◎陶晓跃
顾况进士及第,适逢战乱,那年玄宗已出奔至蜀郡,中原地带烽烟四起,肃宗只得下诏将当年的科试分于江淮、成都、江东等地举行。顾况在江东考场跻身于进士行列,已过而立之年。可及第后的很长一段时间里,顾况毫无作为,只能流徙在他人幕下看人脸色。

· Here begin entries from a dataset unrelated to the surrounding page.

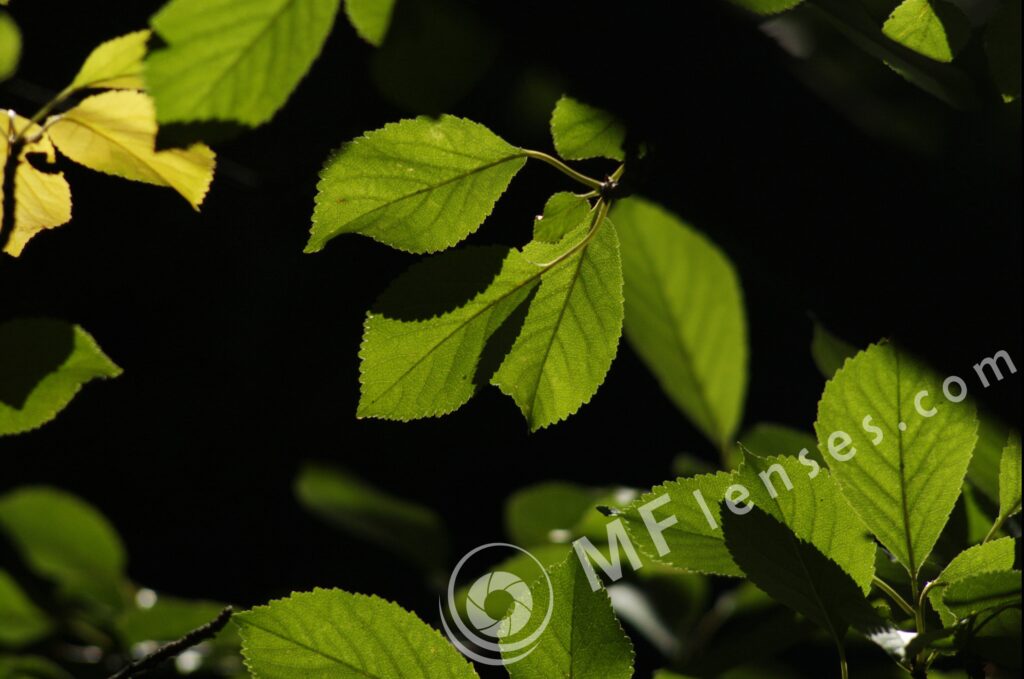 Meyer-Optik Telemegor 180mm f/5.5-22 alu-31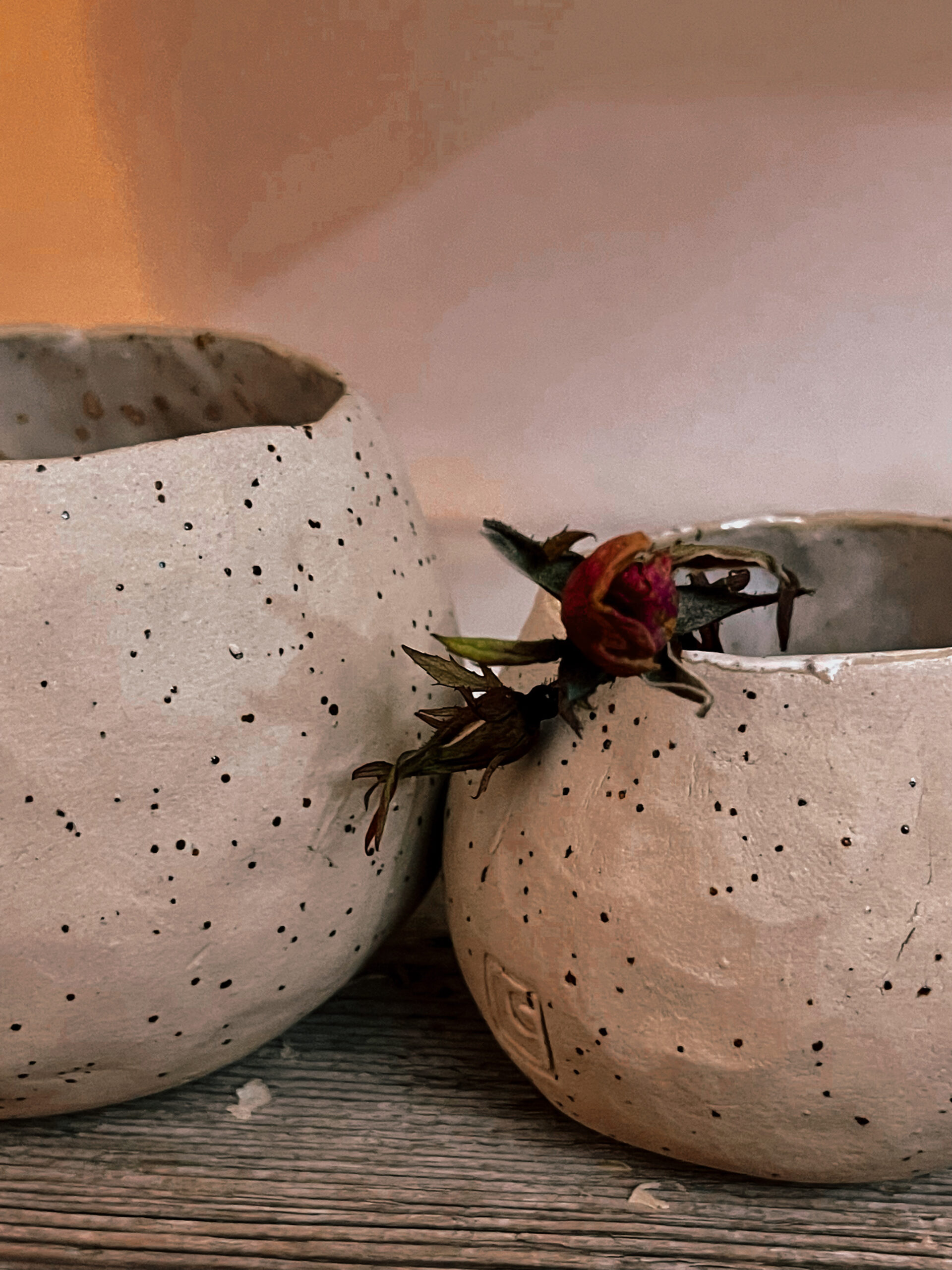 Tazza Coppa Quaglia chiaro rosa melanzana - immagine 4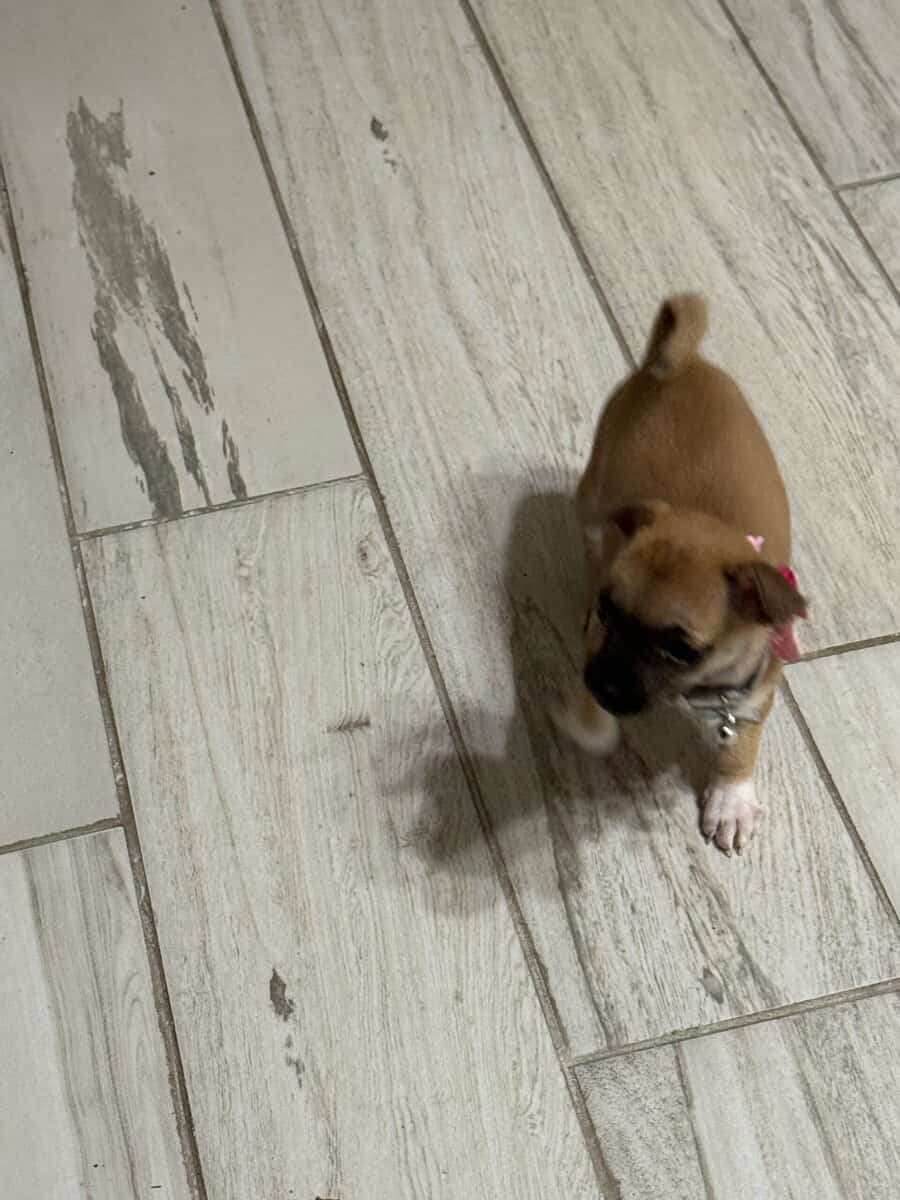 Lola needs new home image 4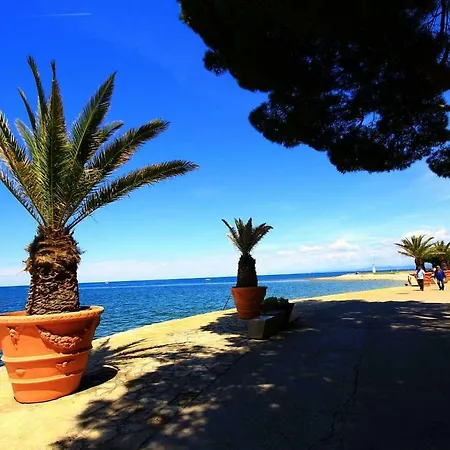 Old Isola In The Center * Izola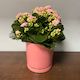 Kalanchoe
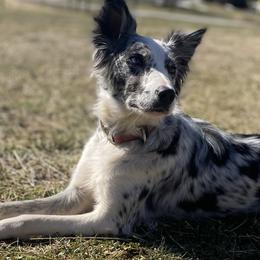 Oakley - Bordoodle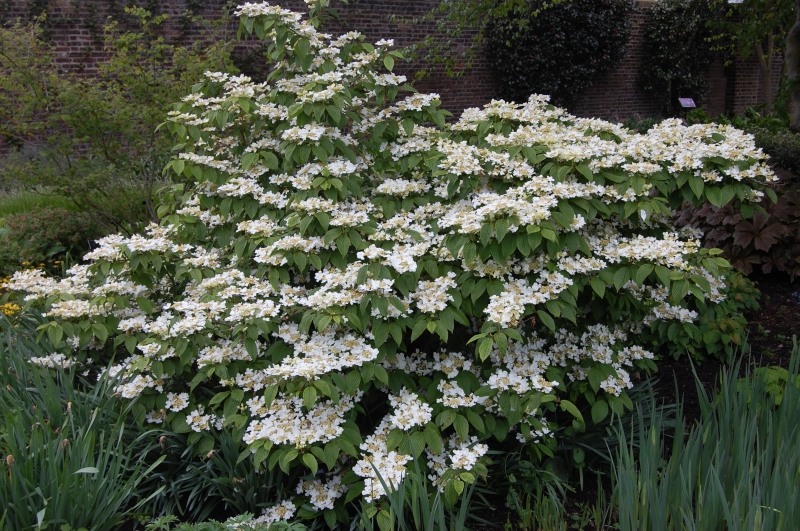 Mariesii Doublefile Viburnum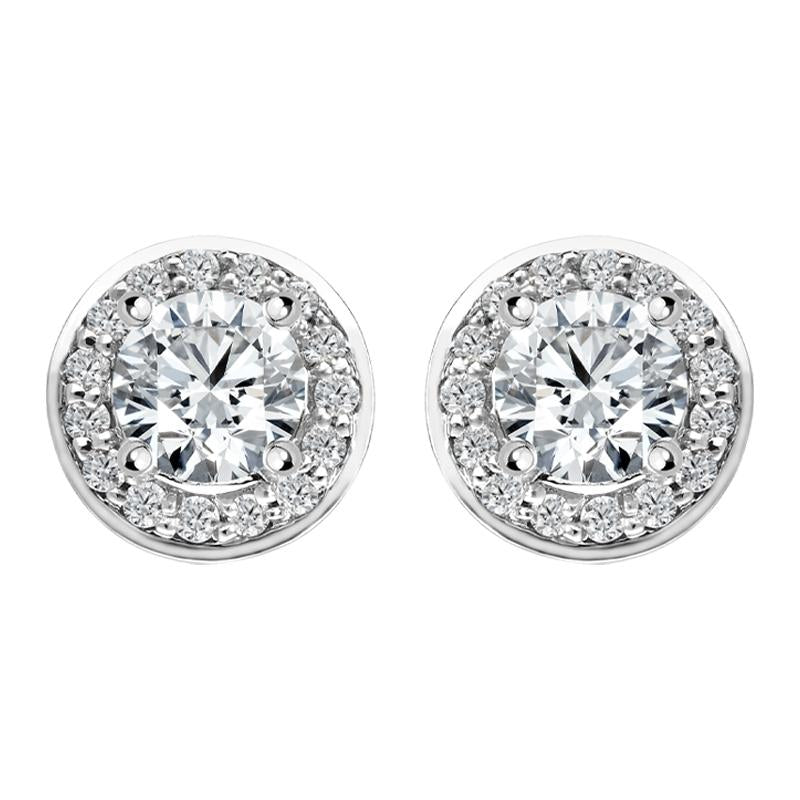 18ct White Gold 0.69ct Diamond Halo Stud Earrings - Option1 Value White Gold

心底的悲哀化作他的《悲歌(其二)》:“我欲升天天隔霄,我欲渡水水无桥。我欲上山山路险,我欲汲井井泉遥。越人翠被今何夕,独立沙边江草碧。紫燕西飞俗寄书,白云何处逢来客?”
诗具极强的主观色彩,起笔的四句,借方方面面的比喻,强化诗人意图不能实现的悲苦。后四句写越人身披翠玉装饰的外衣,却不知今夕何夕;自己孤独站立江边,眼见茂盛碧绿的江草四周环绕。虽有紫色燕子向西而飞,却无法替代鸿雁传书;虽有白云悠悠空中飘浮,却与自己思念之人无法相逢。

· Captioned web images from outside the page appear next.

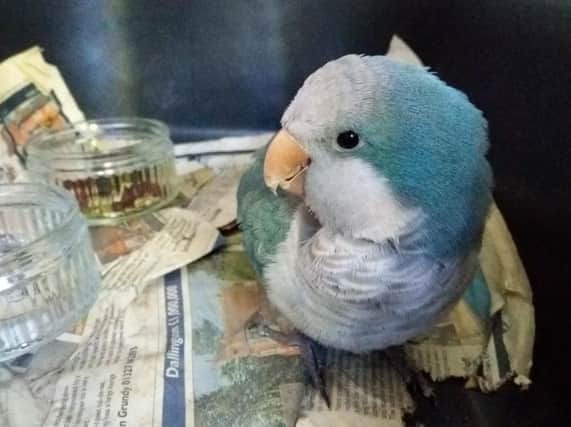 Jo Ewen is trying to find the owners of Blue the Quaker parrot.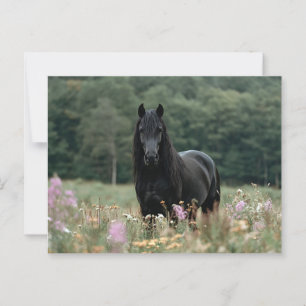 Cartão Postal Cavalo Frísia num Campo de Flor Selvagem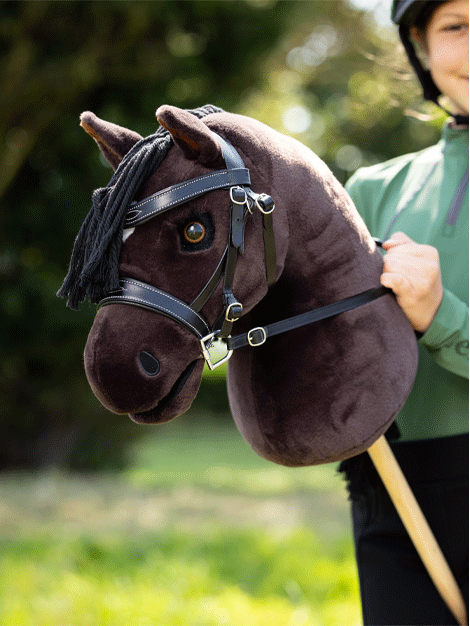 Hobby Horse From Le Mieux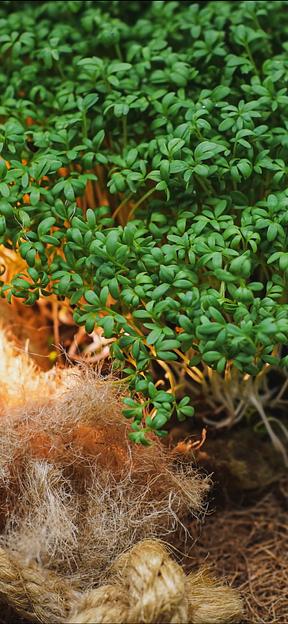 Кресс-салат ОПТ фото 6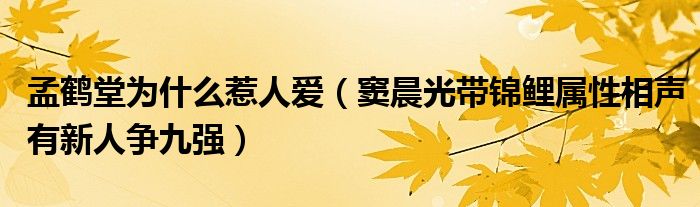 孟鹤堂为什么惹人爱(窦晨光带锦鲤属性相声有新人争九强)
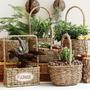 Decorative Round Rattan Seagrass Basket for Storage & Plants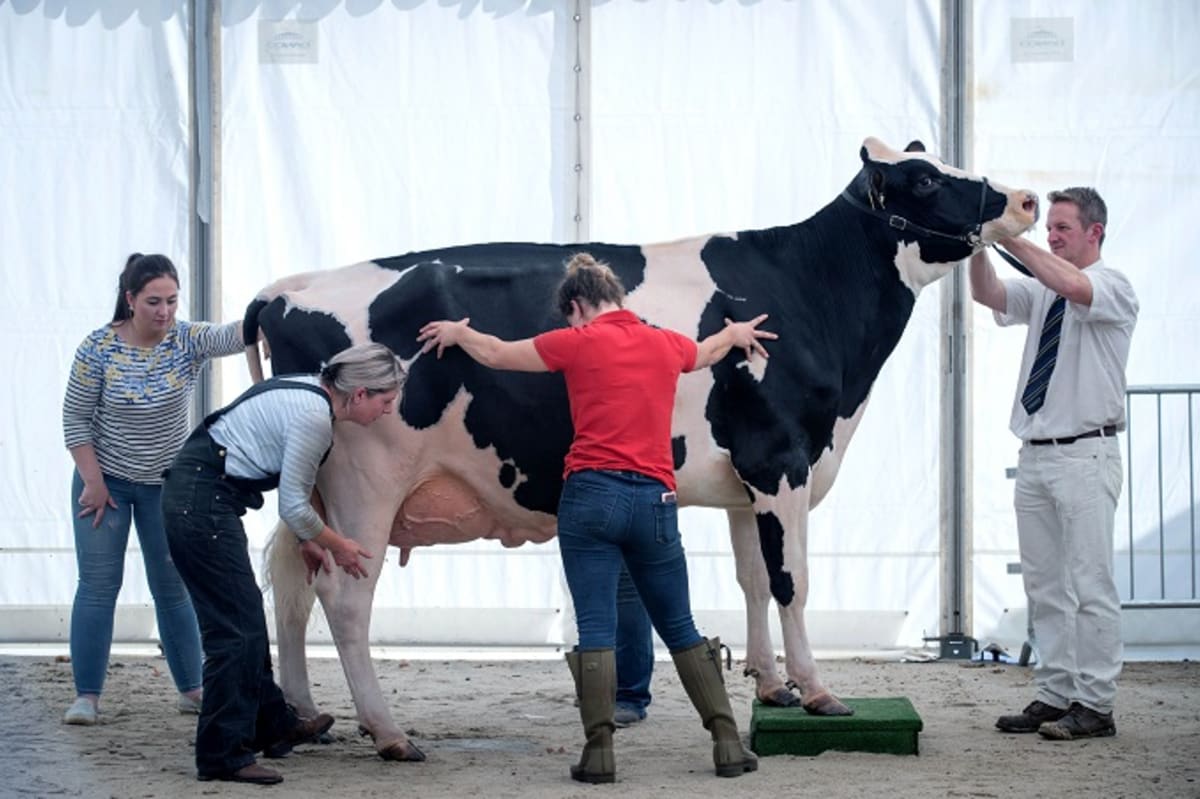 People Are Obsessed With This Really Big Cow Called Knickers | Complex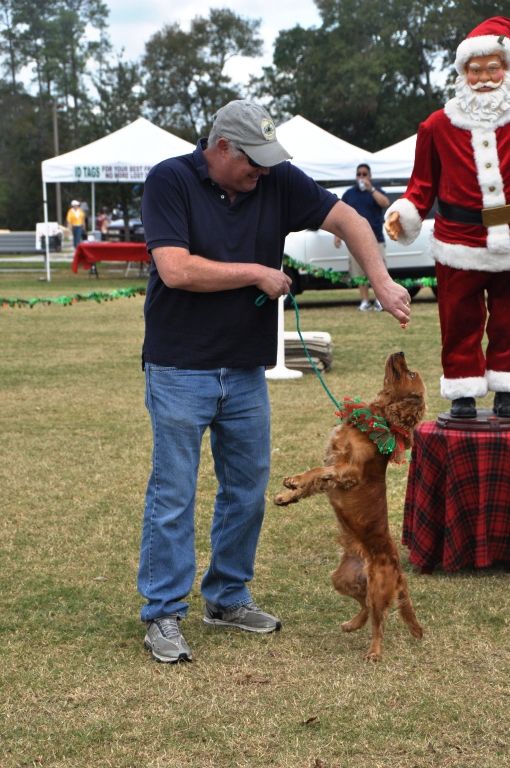 0357 PawswithClaus 12-1-12.jpg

显然,诗人所思,不仅仅是朋友、是恋人,它还有更为深沉的内涵。
“帝子苍梧不复归,洞庭叶下荆云飞。巴人夜唱竹枝后,肠断晓猿声渐稀。”这首《竹枝曲》,取材娥皇、女英追寻舜帝而不归的凄美故事,这故事曾唤醒多少诗人的灵感歌之咏之。娥皇、女英投身苍梧,再也不见踪影;只有洞庭湖的水漂浮着落叶,洞庭湖的上空流动着彩云。巴人情不自禁在夜里唱起声韵悲恸的竹枝曲;那断肠的声音连绵不断,迫使三峡晓醒的猿猴也不再长啸高鸣。诗中的悲苦,如空谷传响,哀转不绝。
诗人还借禁闭深宫的宫女传达自己的哀怨,“玉楼天半起笙歌,风送宫嫔笑语和。月殿影开闻夜漏,水晶帘卷近秋河”,耸立高空的华美楼阁飘荡起悠悠的歌声,轻风应和着宫嫔陪伴君王的阵阵笑语;月色皎洁夜漏的声响叠映出婀娜的舞影,卷起水晶帘,一切近在咫尺,却又远隔天河,可望而不可即。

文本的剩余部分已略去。